◆ What to work on ◆
Go through the listing below, and from the line containing "This is a 2005" through its last line, transcribe every line exactly, skipping pictures.

◆ Collected material ◆

-- Opening Marker --

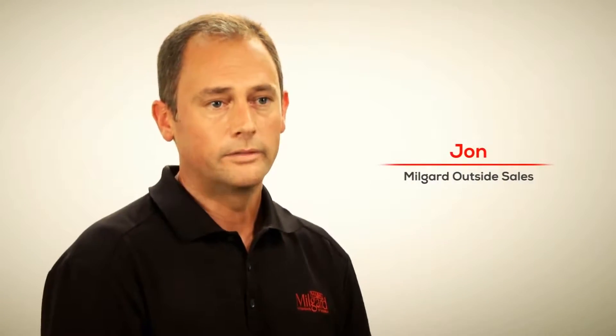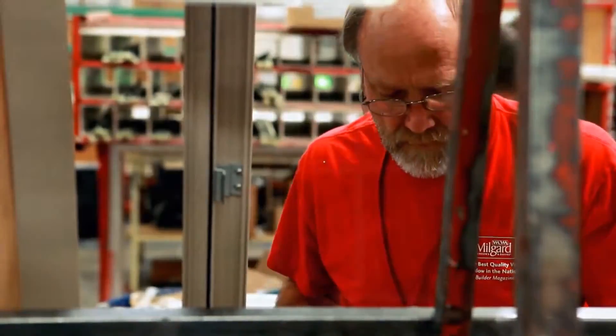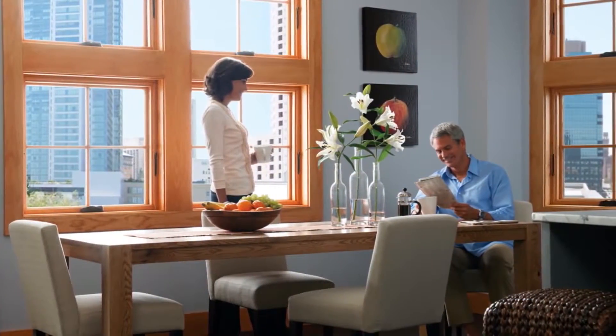One of our most recent innovative offerings is our Essence line. What we have done there is combined a weatherproof fiberglass material that goes on the exterior of a window and the beauty and warmth of solid wood on the inside. It's pretty exciting to be a part of this wood window line — it's new for us. You've got the beauty of wood on the inside, warm and enriching to your home, and on the outside, you've got the strength of fiberglass.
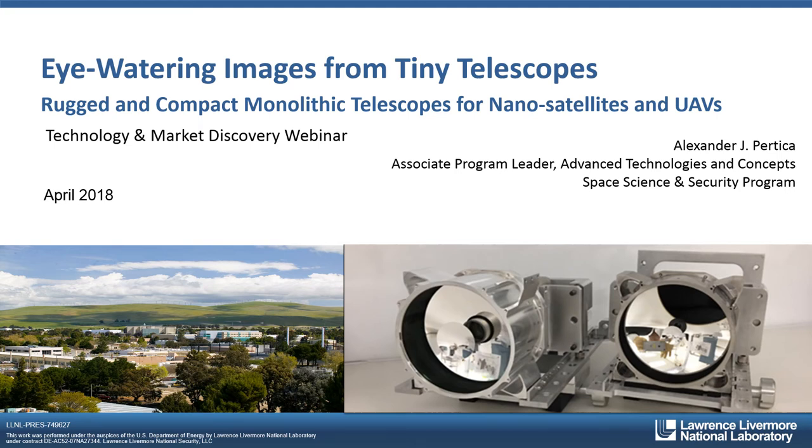Hello, my name is Alex Perdica. I'm the associate program leader for advanced technologies and concepts within our space science and security program at Lawrence Livermore National Laboratory. I've been at the lab for 30 years working on projects in missile defense, remote sensing, and also space. Today, I'm going to be describing a novel technology that we've developed for rugged and compact monolithic telescopes for the nanosatellite and UAV application space.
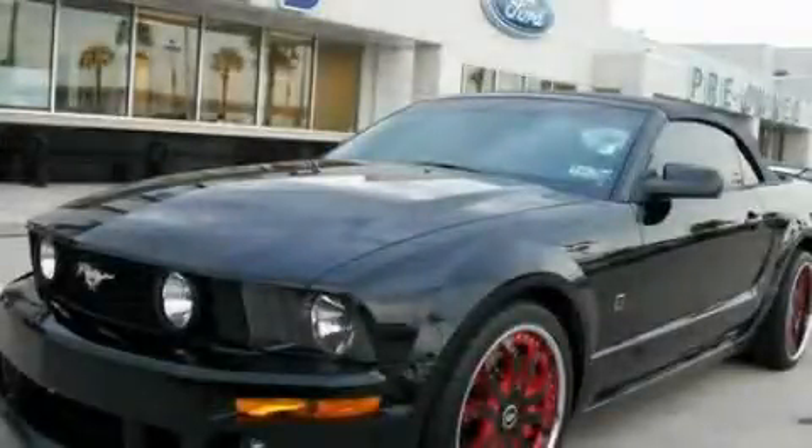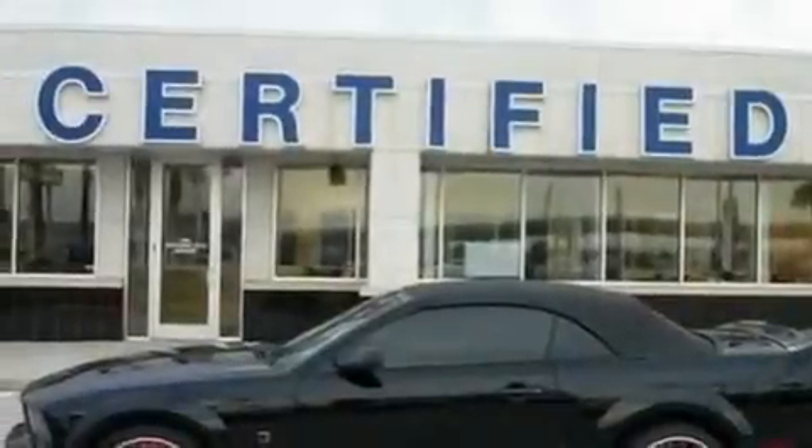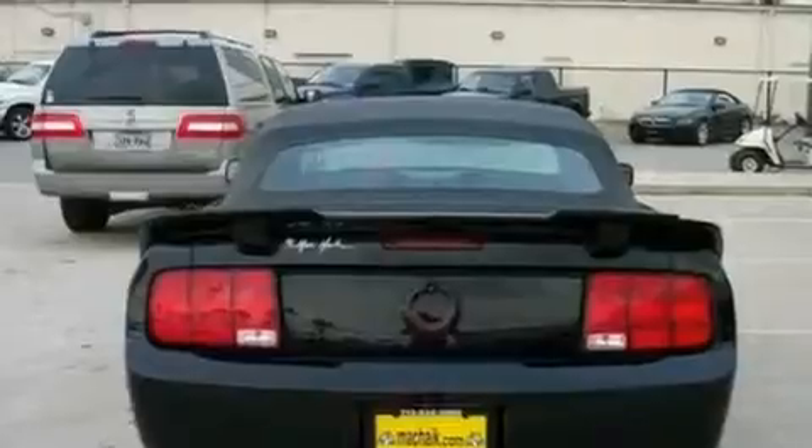This is a 2005 Ford Mustang, as comfortable on the track as it is on the streets. It has a 4.6-liter 8-cylinder engine and a manual transmission.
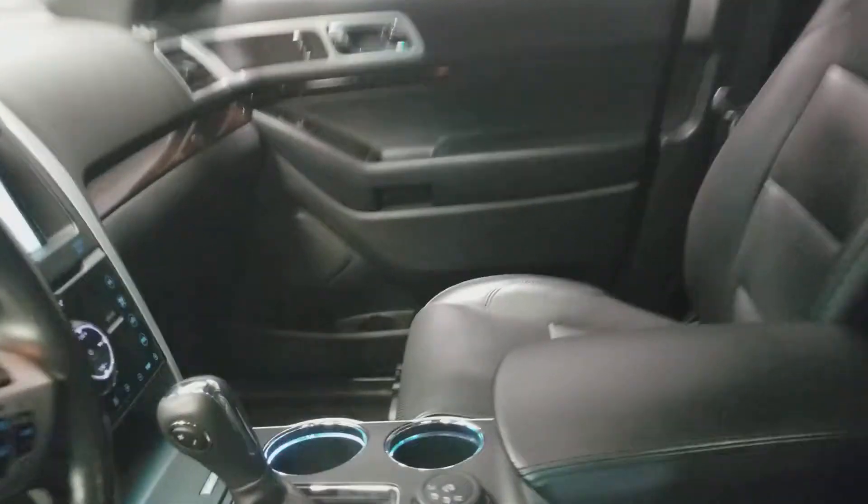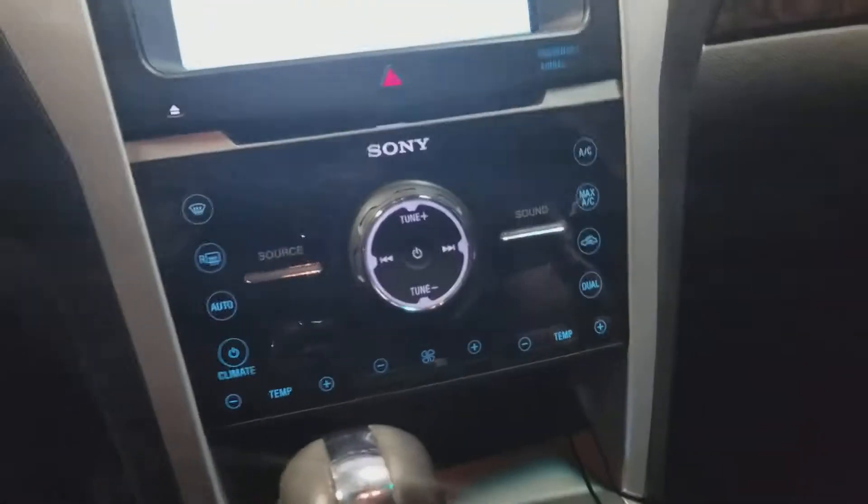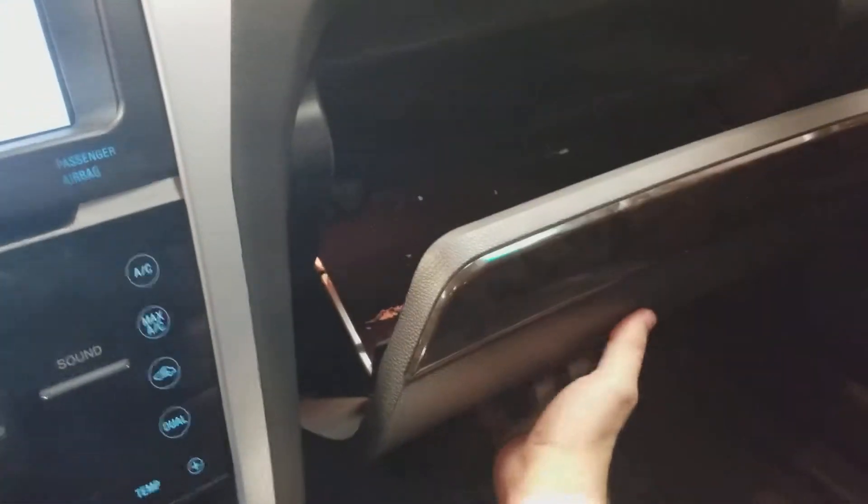Opening up the door, we've got beautiful leather seats, all power. We've got light-up cup holders, climate control for both sides, big screen, push-start buttons, tons and tons of storage here in the center console, and in the dash, power locks and windows, and we've got a sunroof.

-- Closing Marker --

◆ Answer box ◆
This is a 2005 Ford Mustang, as comfortable on the track as it is on the streets. It has a 4.6-liter 8-cylinder engine and a manual transmission.
Opening up the door, we've got beautiful leather seats, all power. We've got light-up cup holders, climate control for both sides, big screen, push-start buttons, tons and tons of storage here in the center console, and in the dash, power locks and windows, and we've got a sunroof.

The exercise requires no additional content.